Answer: Yes, 200,000 gas cars catch fire a year in the US, while Teslas rarely catch fire. Elon is at a loss to solve the media problem. It is driven by a crazy disinformation campaign, something like Elon has never seen before (ditto for us). Elon and crew asked that people continue to share their own positive messages about the cars and company — that’s the best solution Tesla has. They also highlighted that safety is paramount at Tesla and that is evident in its record-safe vehicles.
Reflections: The average consumer gets their information from the bothsiderism news, advertisements by the legacy players, and media that is influenced by Tesla shorts and shaped by fossil fuel money. This is not an easy juggernaut to break. The sooner Tesla starts, the further ahead it can get from the expanding smear campaigns that are coming. More on this in a moment.
Question: Where are we on the mission?
Answer: We have helped the auto industry make the decision to move to EVs much faster.
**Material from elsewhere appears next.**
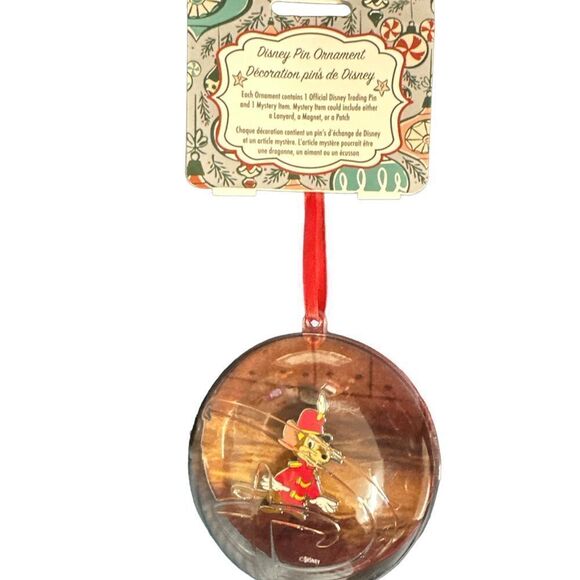 NWT Disney Store Dumbo Limited Release Pin and Mystery Gift Set - Picture 5 of 5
The media situation has always been negative, but Tesla is having a strongly positive impact.
Reflections: The goal of legacy players has been to prevent EV adoption, and while Tesla’s accomplishments have already changed the automotive landscape, the current hope is to create an EV demand ceiling by dissuading as many people from EVs and Tesla as they can. Educational advertising instead of incessant legacy-type advertising would be a means to enlighten customers about common misconceptions regarding EVs, given limited public knowledge so far, to correct misinformation with facts and prepare them for the accelerated campaign of FUD (fear, uncertainty, doubt) that will continue to escalate as ICE vehicles continue be threatened by EV expansion.
While Tesla does currently sell all it can build, public sentiment about Tesla and EVs in general is often negative and incomplete, respectively. So far, this has not suppressed demand, but the attacks will continue to become more unhinged until they either fail or find a winning argument to turn a critical mass of citizens against Tesla. Hence, Tesla should get ahead of this propaganda war.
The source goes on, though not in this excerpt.